Initial Findings: The str() output shows that most columns have been read with appropriate types. However, SeniorCitizen is a numeric binary variable (0/1) which would be more intuitive for analysis and plotting if converted to a categorical factor (“Yes”/“No”). This will be addressed in the next step.

2.2. Handling Missing Values and Data Types

We will correct the identified data type issues and handle any missing values. Even though TotalCharges was read as numeric, it’s possible some rows failed to parse and became NA, so checking for missing values remains a crucial step.

# Convert TotalCharges to numeric to ensure consistency, in case it was read as character.
df$TotalCharges <- as.numeric(df$TotalCharges)

# Identify and report the number of missing values.
missing_count <- sum(is.na(df$TotalCharges))
cat(paste("Number of missing values in TotalCharges:", missing_count, "\n"))

## Number of missing values in TotalCharges: 11

# Given the small number of missing values (if any), we can safely remove these rows
# without significantly impacting the overall dataset.
df <- df[complete.cases(df), ]

# Convert SeniorCitizen from a numeric (0/1) to a more descriptive factor.
df$SeniorCitizen <- as.factor(ifelse(df$SeniorCitizen == 1, "Yes", "No"))

3. Exploratory Data Analysis (EDA)

With a clean dataset, we now proceed to exploratory data analysis to uncover patterns, identify relationships between variables, and generate initial hypotheses about the drivers of customer churn.

3.1. Customer Attrition Distribution

First, we examine the distribution of our target variable, Churn, to understand the baseline attrition rate in our dataset.

# Create a bar plot to visualize the distribution of Churn
ggplot(df, aes(x = Churn, fill = Churn)) +
  geom_bar() +
  geom_text(stat='count', aes(label=..count..), vjust=-0.5) +
  labs(title = "Distribution of Customer Attrition (Churn)",
       x = "Customer Churn",
       y = "Number of Customers") +
  theme_minimal() +
  scale_fill_manual(values = c("No" = "#4E79A7", "Yes" = "#F28E2B"))

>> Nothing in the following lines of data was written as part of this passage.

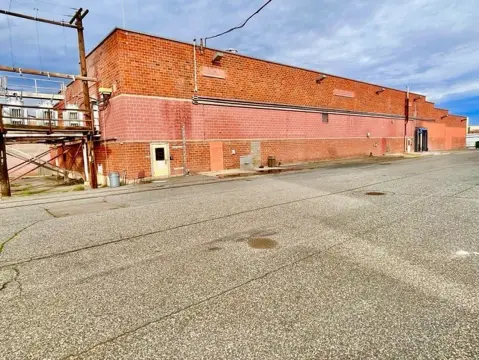 Warehouse with Open Yard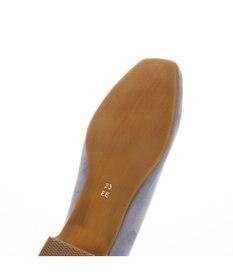 ing <ing>スクエアトゥVカットパンプス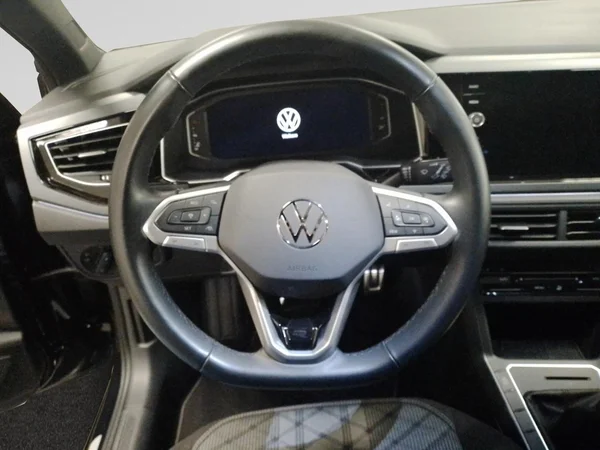 VOLKSWAGEN Taigo (2025) — foto 3 van 22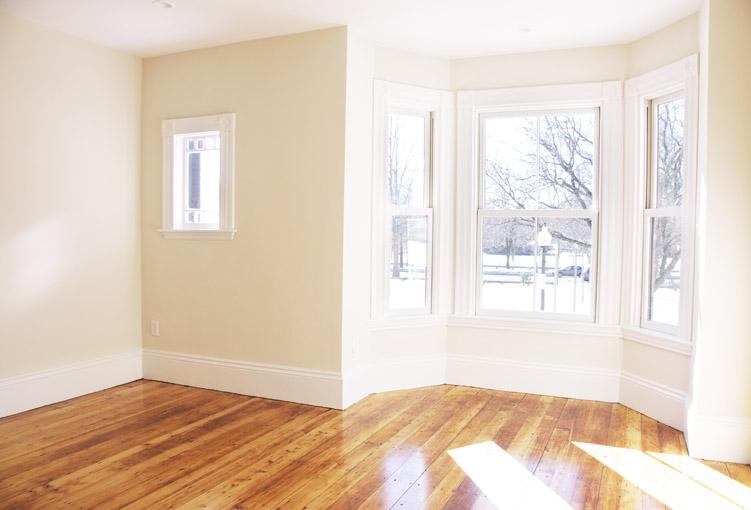 5 bed, 2 bath apartment for rent at 83 Windsor St Unit 2, Roxbury — photo 3 of 8
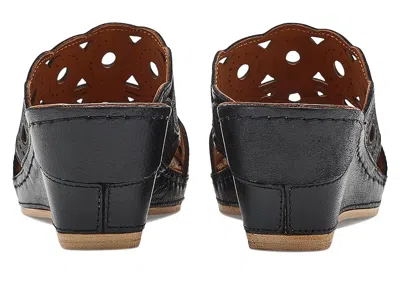 Spring Step Labarnas In Black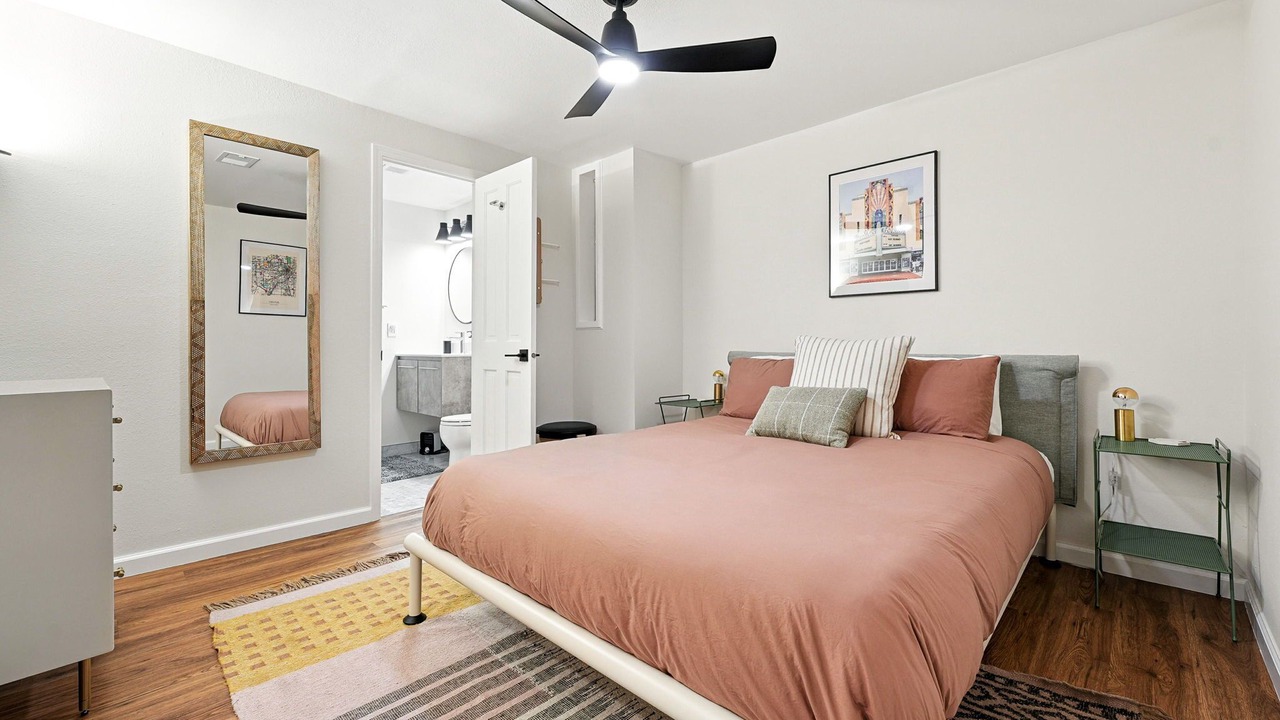 Photo of Bedroom in Downtown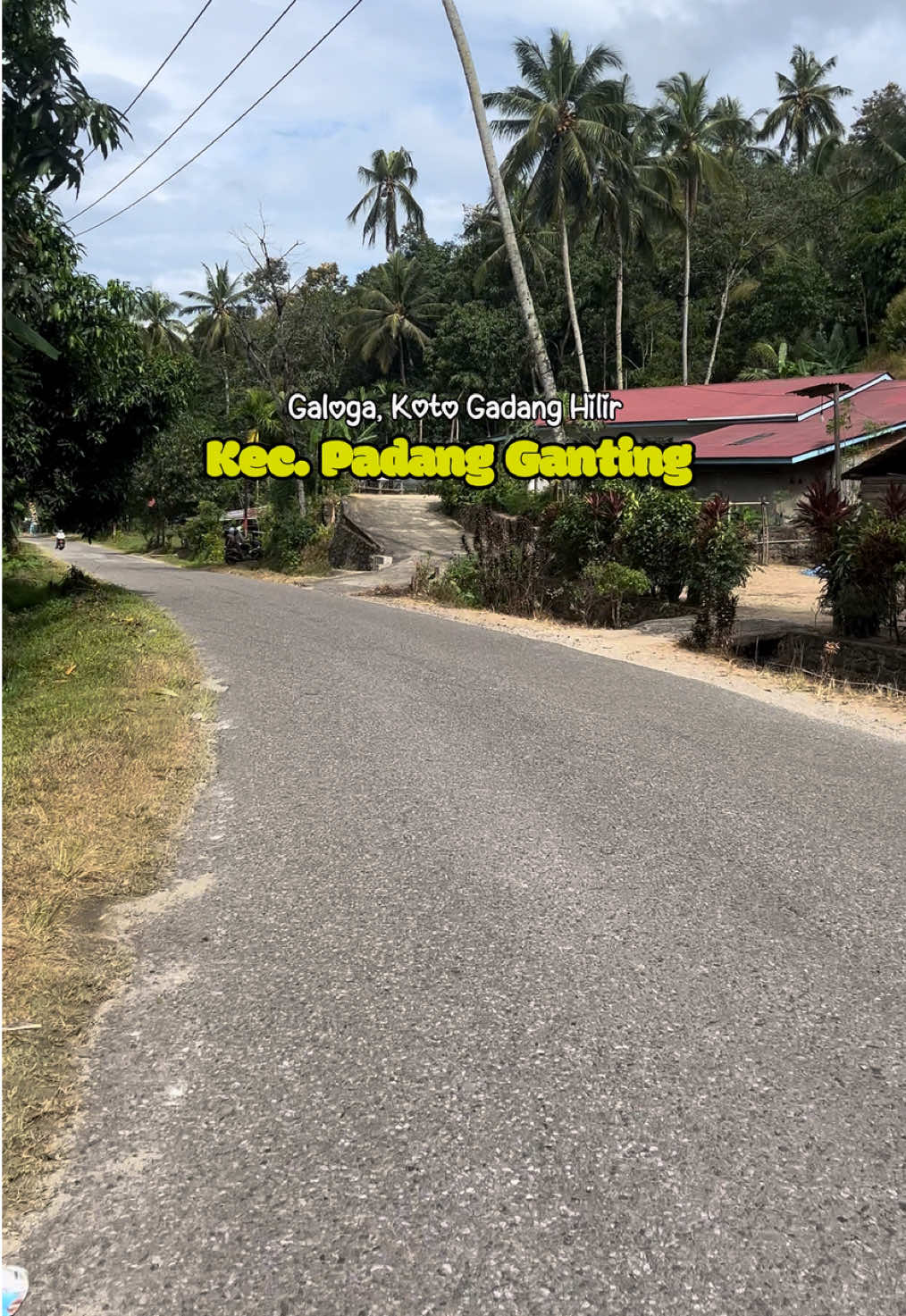 Yapppp hari ini kita melanjutkan petualangan kita dalam mengambil momen dan dokumentasi, kali ini kita mengunjungi salah satu tempat di Kecamatan Padang Ganting yaitu Galoga jorong koto gadang hilir. Saat mengambil dokumentasi ini saya disuguhi keindahan persawahan yang luas, perbukitan yang hijau dan keindahan alam yang masih terjaga. Dengan berkunjung kesini saya merasa bersyukur dan mengetahui bahwa Tanah Datar itu memang indah 👍 Sanak warga Padang Ganting atau punya pengalaman indah disini, yuk berbagi pengalaman di kolom komentar ya sanak 😍😍 #serbaserbisangka #Galoga #padangganting #3s #tanahdatar 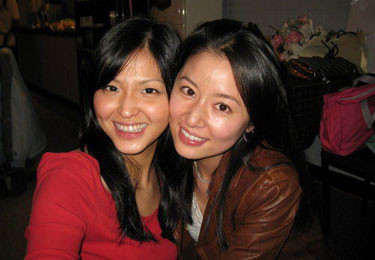 Lâm Ngải Vi và Lâm Tâm Như – hai người thực ra là chị em cùng cha khác mẹ. Từ nhỏ Lâm Ngải Vi đã rất yêu thích đóng kịch nhưng sau này do yêu cầu của cha mẹ nên cô đã đăng ký vào Đại học Berkeley ở Mỹ để theo học ngành thương mại và quan hệ công chúng, nhưng giấc mơ trở thành ngôi sao vẫn ấp ủ nên cô nỗ lực học tập để tốt nghiệp sớm và tham gia vào làng giải trí. Lâm Tâm Như từ khi học tiểu học đã chứng kiến cảnh cha mẹ li hôn, bố cô kết hon với mẹ của Lâm Ngải Vi và sinh ra Ngải Vi. Quan hệ của hai chị em họ không được thân thiết cho lắm, Lâm Tâm Như trong các trả lời phỏng vấn đều chỉ thừa nhận bản thân có hai em trai mà thôi. Về phía Lâm Ngải Như trong chương trình “Khang Hy đến rồi” đã thổ lộ với đàn chị Thái Khang Vĩnh rằng quan hệ 2 chị em cô rất thân thiết, sinh nhật của nhau đều ở cạnh nhau chung vui và thường đi dạo bộ cùng nhau nữa.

Observation: The dataset is imbalanced, with a substantially larger number of non-churners than churners. This is a critical observation, as it can affect how we evaluate our predictive models. Standard accuracy can be misleading on imbalanced datasets.

3.2. Retention by Demographic Features

We now investigate how churn rates differ across key demographic segments.

# Plot for Gender
p1 <- ggplot(df, aes(x = gender, fill = Churn)) + geom_bar(position = "fill") +
  labs(y = "Proportion", title = "Attrition Rate by Gender") + theme_minimal() +
  scale_fill_manual(values = c("No" = "#4E79A7", "Yes" = "#F28E2B"))

# Plot for SeniorCitizen
p2 <- ggplot(df, aes(x = SeniorCitizen, fill = Churn)) + geom_bar(position = "fill") +
  labs(y = "Proportion", title = "Attrition Rate by Senior Citizen Status") + theme_minimal() +
  scale_fill_manual(values = c("No" = "#4E79A7", "Yes" = "#F28E2B"))

# Plot for Partner
p3 <- ggplot(df, aes(x = Partner, fill = Churn)) + geom_bar(position = "fill") +
  labs(y = "Proportion", title = "Attrition Rate by Partner Status") + theme_minimal() +
  scale_fill_manual(values = c("No" = "#4E79A7", "Yes" = "#F28E2B"))

# Plot for Dependents
p4 <- ggplot(df, aes(x = Dependents, fill = Churn)) + geom_bar(position = "fill") +
  labs(y = "Proportion", title = "Attrition Rate by Dependents") + theme_minimal() +
  scale_fill_manual(values = c("No" = "#4E79A7", "Yes" = "#F28E2B"))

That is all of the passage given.